The controlling law concerning the validity of facially neutral work rules was established in the 2004 decision in Lutheran Heritage Village in which the Board held that in evaluating such rules it must determine whether employees “would reasonably construe” the language as restricting their Section 7 to engage in protected discussions of their terms and conditions of employment, and recognized that the mere fact that a rule could be read as inhibiting employee rights is insufficient to support a finding that the rule is unlawful.  The Board also observed that it should apply a “reasonable” interpretation to such rules without “reading particular phrases in isolation” and without assuming the employer intended to interfere with protected rights.

When the Costco case was tried before an Administrative Law Judge in 2010, the Acting General Counsel charged the employer with violating Section 8(a)(1) with respect to a number of provisions in its Electronic Communications and Technology Policy, including the requirement that employees use “appropriate business decorum” on social media sites and the prohibition of postings that “damage” the company or anyone’s reputation, because there was no limiting disclaimer to advise the employees that the rule was not intended to restrict their protected rights.  In this respect, the Acting General Counsel argued that the ALJ should reject the Lutheran Heritage Villagewould reasonably construe” standard and apply instead the standard from the dissenting opinion in that case by former Members Liebman and Walsh – that an ambiguous rule that does not include a disclaimer is unlawful if it could be perceived as inhibiting Section 7 rights – because the dissenting opinion would likely be accepted by the majority of the newly composed Board.  The ALJ  rightly rejected that proposition, and specifically recognized that under the controlling Lutheran Heritage Village standard the Board “will not conclude that a reasonable employee would read the rule to [prohibit protected] activity simply because the rule could be interpreted that way  . . . [or] could conceivably be read to” encompass protected conduct.  The ALJ then determined that neither Costco rule was unlawful under the applicable “would reasonably construe” standard because reasonable employees would understand that the rules were intended to promote civility rather than restrict Section 7 activity.
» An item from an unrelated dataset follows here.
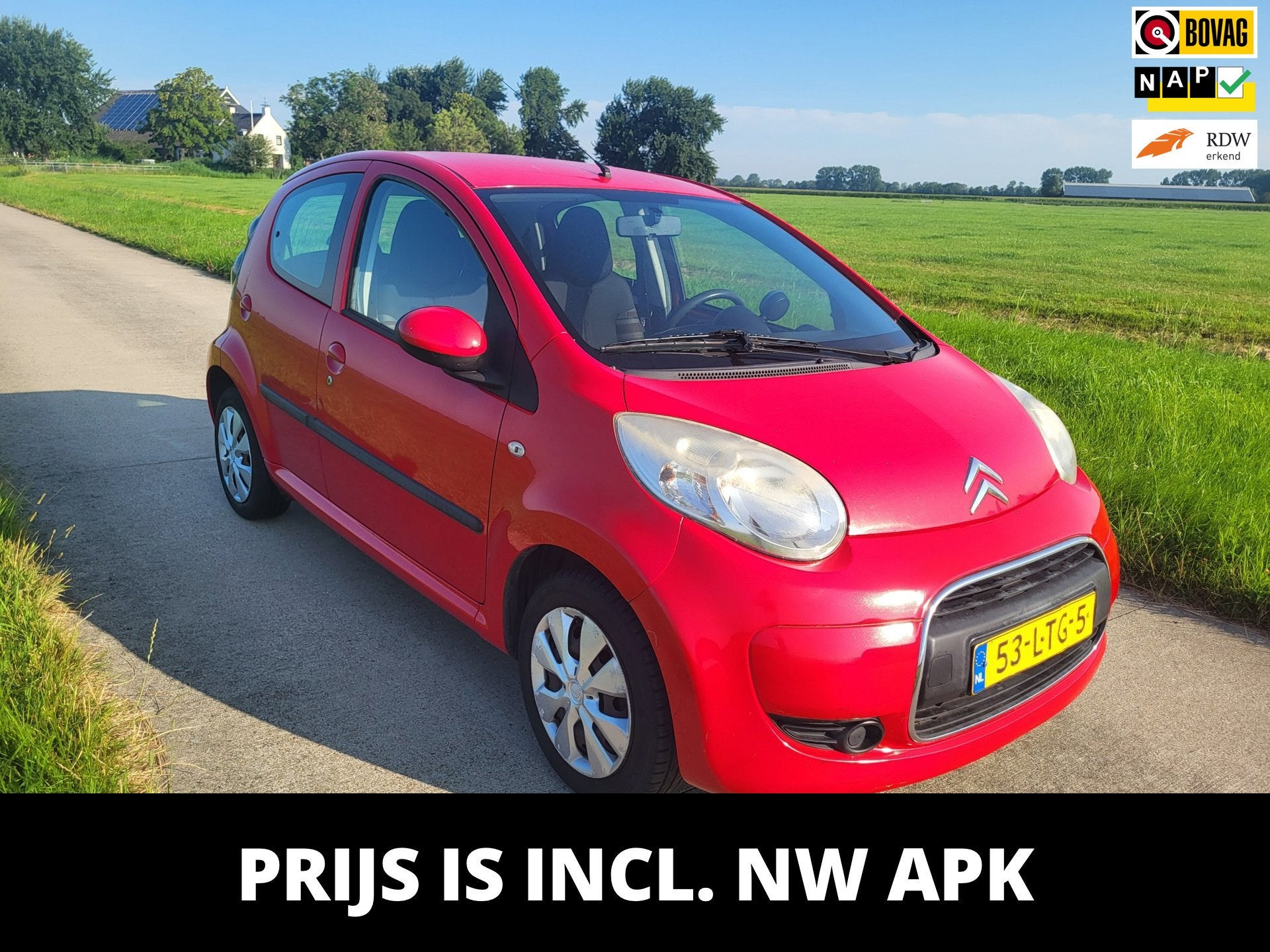 Citroen C1 1.0-12V Ambiance 5drs 149.879km APK 10-07-2027, Auto's, Citroën, Voorwielaandrijving, Stof, Gebruikt, Zwart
In its decision on appeal, the newly composed Board majority adopted the ALJ’s reasoning that Costco’s “appropriate business decorum” rule was lawful, but found the rule prohibiting comments damaging to the company to be unlawful.  In so finding, the Board purports to recognize the continued validity of Lutheran Heritage Village, and gives lip service to the “would reasonably construe” standard, but tacitly applied the “could be read” standard advocated by the Acting General Counsel.  In this regard, the Board adopted the approach of the Liebman-Walsh dissent by holding that in the absence of a limiting disclaimer the rule “allows employees to reasonably assume that it pertains to” protected comments critical of the company’s management.  It is significant that the Board did not engage in any analysis to determine whether the company’s employees “would reasonably construe” the language of the rule as restricting or prohibiting protected communications, but held the rule to be unlawful only because employees could assume it would in the absence of a limiting disclosure.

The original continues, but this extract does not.